Akıl, zeka kavramları çok su kaldıracağı için hiç girmemek yerinde olacak belki ama şunu iyi biliyoruz. İnsan, “değişen koşullara adapte olabilme“ kabiliyetiyle “insan”. Kutuplarda da, çöllerde de yaşayabilmesine, uzaya da yerin dibine de ulaşabilmesine sebep, bu adapte olabilme kabiliyeti. Kürkü yok (Umuyoruz), palto yapıyor, solungacı yok tüpten soluyor. Ne yapıyor, ne ediyor; amacına ulaşıyor.
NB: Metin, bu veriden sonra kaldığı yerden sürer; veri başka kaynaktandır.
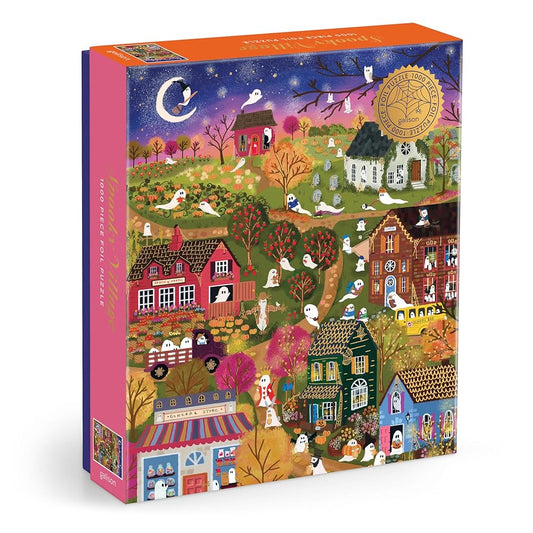 Joy Laforme Spooky Village 1000 Piece Foil Puzzle by Galison - Starry Skies Austin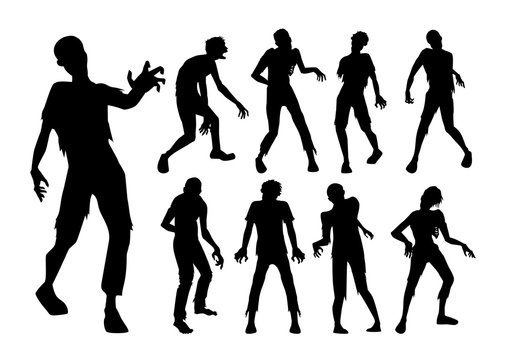 Male Zombie standing and walking actions in Silhouette style collection. Full lenght of people resurrected from the dead.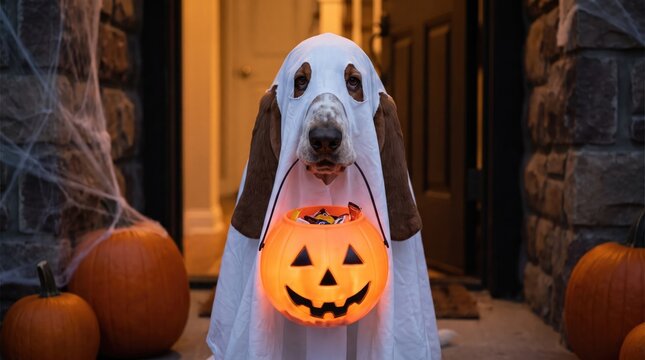 Adorable dog dressed as a ghost with a glowing jack o lantern for halloween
Yapay zeka insanları aşacak mı? Elbette. Aştı bile. Bu umurumuzda olmalı mı? Tabi ki. Şartlar değişiyor ve bu değişime uyum sağlamak durumundayız. Ama bu bilim-kurgu yazarlarının distopik veya ütopik hayallerini süsleyen, bugünkünden tamamen farklı bir gelecek olmak durumunda değil. Yaşadığımız değişim, insanlık tarihinde yaşanmamış bir değişim de değil. Bu insanoğlu köpeği, atı ve daha nice hayvanları evcilleştirip hayatına dahil etmeyi neden düşündü? Çünkü kendi başına oldukça zayıf bir canlı. Bir kedi gibi göremiyor, bir ayı gibi koku alamıyor, bir çita gibi koşamıyor. Ama eski bir Amerikan atasözünün dediği gibi, “There is an app for that”. Bu eksiklerini giderecek yolları mutlaka buluyor.
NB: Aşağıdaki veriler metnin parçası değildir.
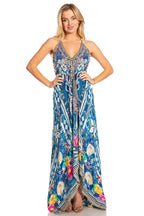 Sakkas Lizi 2025 Womens Maxi High-low Halter Handkerchief Long Dress Beach Party dresses La Vie Bien Sakkas Lizi 2025 Womens Maxi High-low Halter Handkerchief Long Dress Beach Party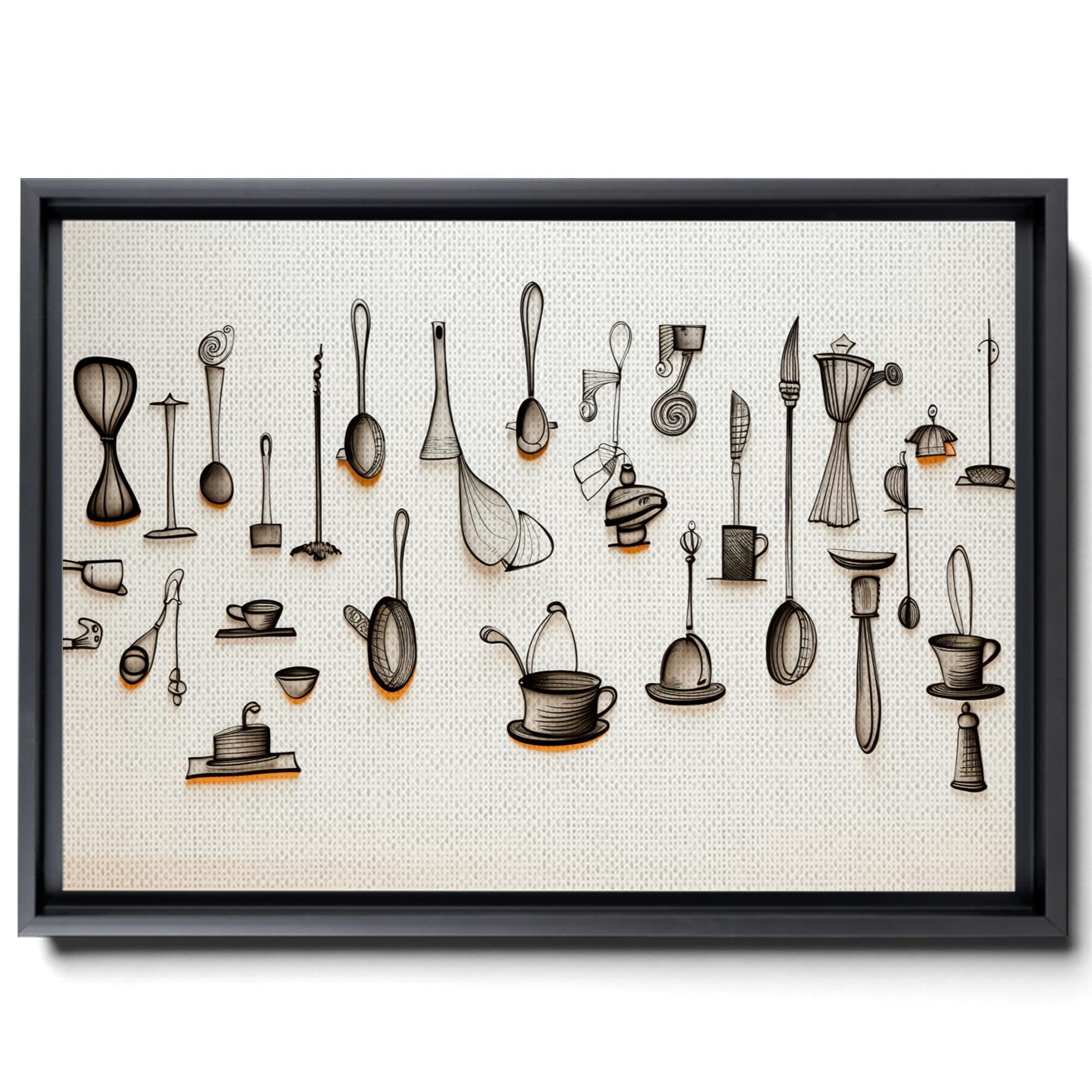 A Drawing Of Kitchen Utensils On A White Tile, In The Style Of Minimalistic Metal Sculptures, Bold, Cartoonish Lines, Minimalist Canvases, Sketchfab, Canvas Prints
Bilimdeki, teknolojideki her adım; sürekli yeni aletlere, yeni mesleklere, yeni hayat hikayelerine yol açıyor. Ancak her gelişme, insanoğlunun uyarılarına karşı konulması güç “Korku” merkezlerini gıdıklıyor. “Ya…” diyoruz. “Ya hesap makineleri çarpma kabiliyetimizi yok ederse…”, “Ya uçaklar otobüs sektörünü öldürürse?”, “Ya robotlar işimizi elimizden alırsa?”… Neyse ki insanoğlunun merak gücü, korkusunu yeniyor ve her seferinde bir adım bir adım, dünya gelişiyor.
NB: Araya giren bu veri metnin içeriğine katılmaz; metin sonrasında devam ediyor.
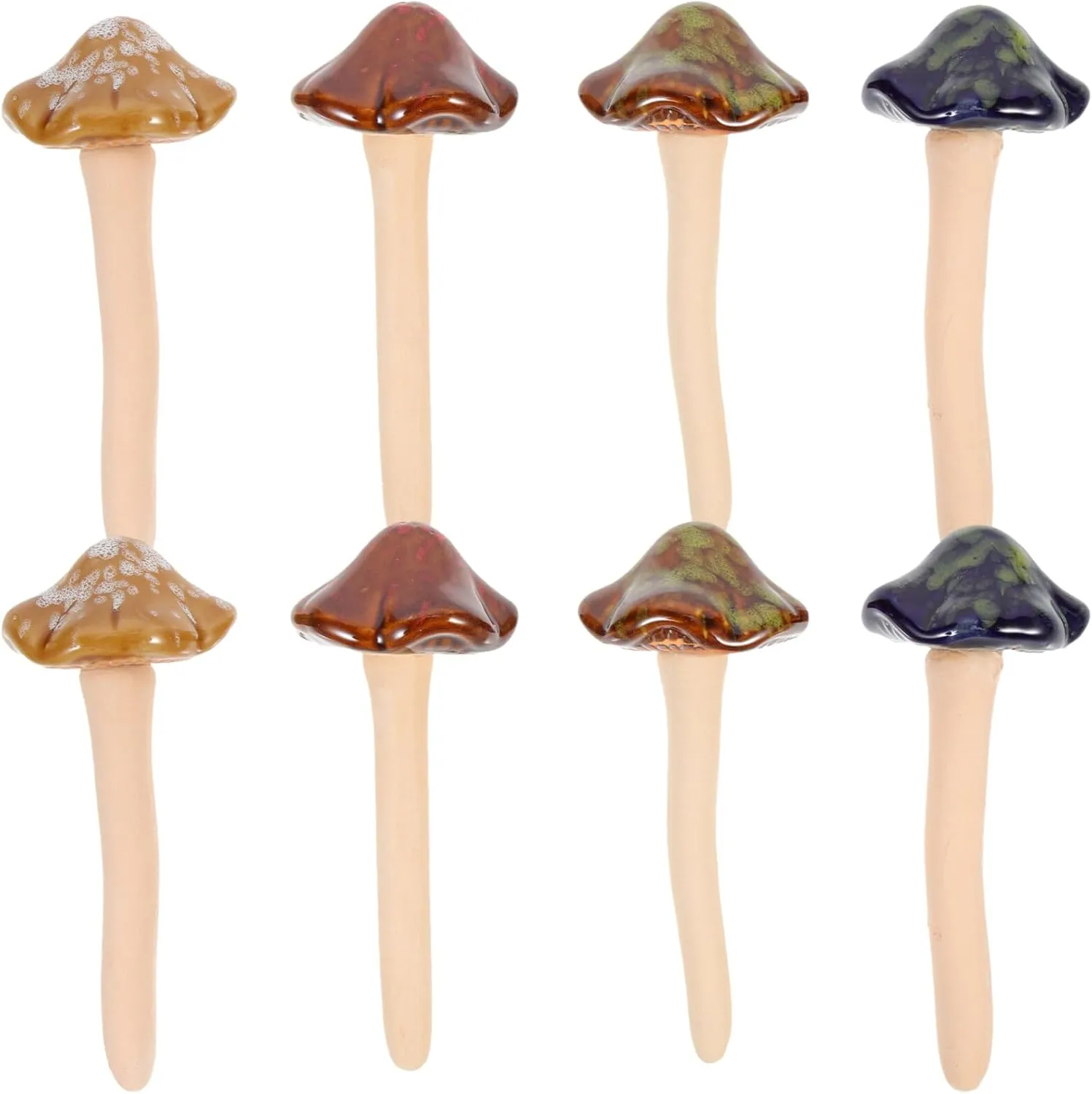 Yardwe 8pcs Mushroom Garden Decor Micro Landscape Plant DIY Bonsai Craft Miniature Landscape Statue Outdoor Planters Outside Toys Dollhouse Miniatures Faux Plants Glass Props Ceramics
Geleceğimizde teknoloji var mı? Evet, var. İyi ki var. Yerin 500 metre altında kara kömür uğruna çalışan insanların olmaması için var. Yeni ilaçlar geliştirmemiz için var. Mars’a gidebilmemiz için var. Savaşlarda şehit vermekten kurtulmamız için var. Engellilerin hayatını kolaylaştırmak için var. Eğitimi pratikleştirmek için var.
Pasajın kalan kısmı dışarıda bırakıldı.